Raccordement au réseau : La sortie du moratoire s’annonce compliquée
Dans l’électricité solaire, mettre fin au gel de quelques mois décidé par le gouvernement devant l’envolée du montant des subventions s’annonce très délicat.
Les experts Jean-Michel Charpin et Claude Trink, auxquels l’Etat avait demandé conseil, ont en effet rendu leur pré rapport hier, sans fournir de solution miracle. Ce texte d’une cinquantaine de pages ne se prononce ni sur les tarifs ni sur un objectif de production d’énergie photovoltaïque pour les années à venir. Et il évoque la nécessité de mettre en place un système transitoire entre celui qui existait et le futur cadre tarifaire…
« Il appartient au gouvernement de décider si l’intérêt de la filière en termes de valeur ajoutée, d’emplois, de bénéfices environnementaux et de perspectives stratégiques justifie les charges induites par de telles cibles de développement », affirme le document, citant les propositions des acteurs qui vont de 300 à 1.000 mégawatts (MW) par an. Les arbitrages définitifs devraient être rendus avant la fin du mois avant de permettre les consultations officielles pour une publication du décret avant le 8 mars. Techniquement, le rapport propose pour les panneaux solaires installés sur les grandes toitures de mettre en place un nouveau tarif d’achat ajusté chaque trimestre en fonction du volume de projets acceptés auparavant. Si l’objectif prévu est dépassé, le prix baisserait automatiquement.

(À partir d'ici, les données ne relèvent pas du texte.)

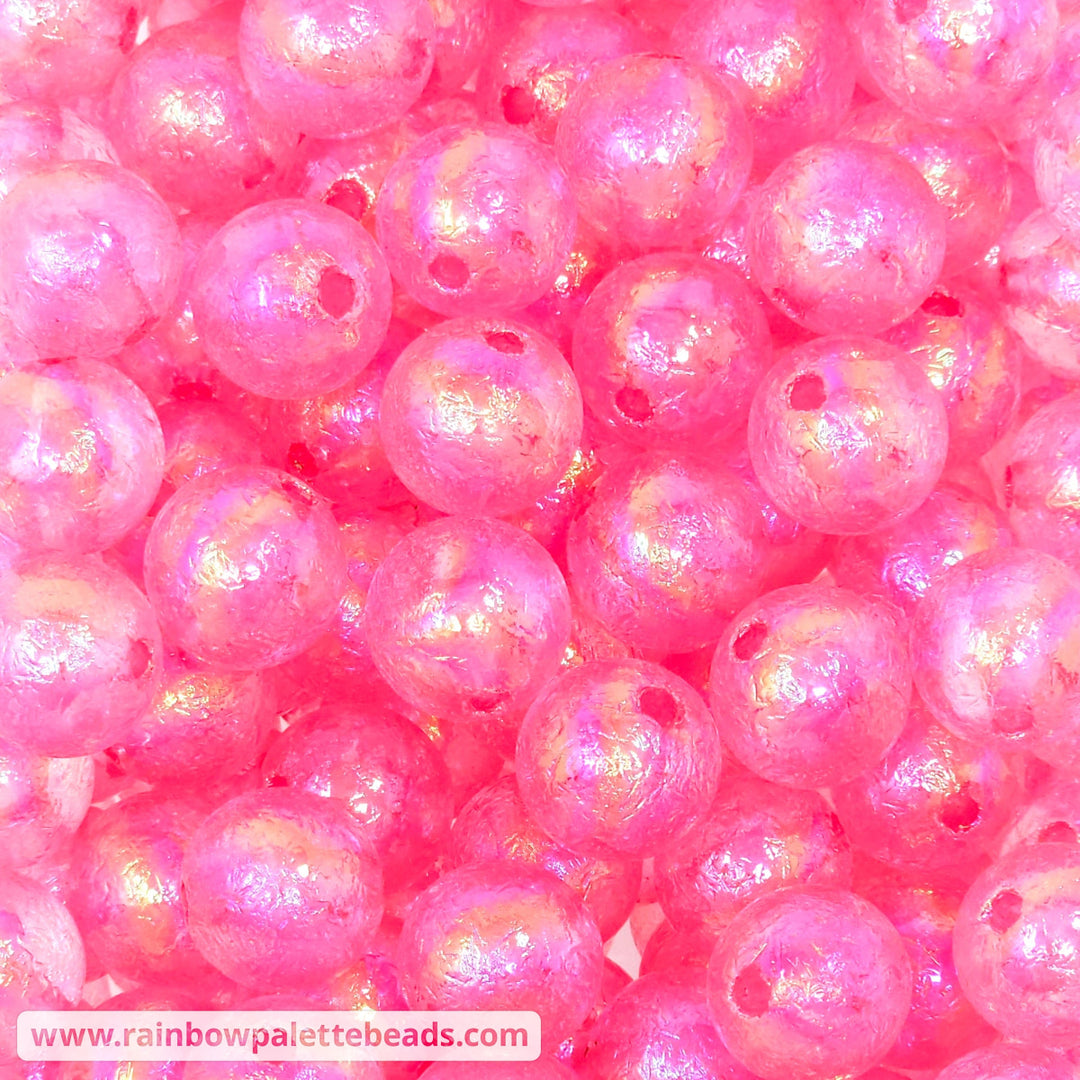 16mm AB Bright Pink Glacier Acrylic Beads Beads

La mission prend une position différente de l’administration sur les grandes toitures en proposant de limiter le recours aux appels d’offres aux installations de forte puissance. Elle recommande également un système de dépôt de garantie ou de caution bancaire afin de s’assurer le sérieux des projets. Surtout, le rapport suggère d’instituer un mécanisme de transition pour éviter une sortie de moratoire trop brutale. « Les projets suspendus qui devront s’insérer dans le nouveau cadre de régulation représentent un volume de 4 à 5 gigawatts », indiquent les auteurs du rapport. « Si tous les projets éliminés sont redéposés le même jour lors de la fin du moratoire, le système va exploser », explique le président du Syndicat des énergies renouvelables, André Antolini.
Pour trouver une solution, la mission propose le lancement d’appels d’offres pluriannuels dans le cas des centrales au sol afin d’offrir des possibilités de rattrapage à un maximum de ces projets.
Le cas des toitures est plus complexe. La nouvelle régulation ne va pas instaurer des quotas, mais des tarifs qui s’ajusteront chaque trimestre en fonction du rythme de développement. D’où le problème. « Si tous les projets étaient déposés à la reprise, la charge de la CSPE engendrée mettrait non seulement en danger l’équilibre économique du système, mais handicaperait également le développement futur de la filière en provoquant une baisse de tarif importante pour les trimestres suivants », explique le rapport.
Pour résoudre ce casse-tête, les auteurs du rapport évoquent la possibilité de tarifs de transition entre les anciens, particulièrement avantageux, et ceux qui seront mis en place début mars par le gouvernement. Ce qui pourrait poser des problèmes juridiques d’égalité devant la loi et nécessiterait de créer une structure spécialisée pour déterminer les projets éligibles aux tarifs de transition. De leur côté, les agriculteurs réclament une commission de rattrapage pour les projets refusés. La mission considère néanmoins que ce système de transition doit rester limité. « Il y a déjà 1.500MW de projets qui vont se réaliser parce qu’ils ont échappé au moratoire. Si on ajoute 1.000 MW de repêchage, on court un risque de nouvelle thrombose », explique un observateur.
Panneaux solaires installés sur le toit d’une coopérative agricole.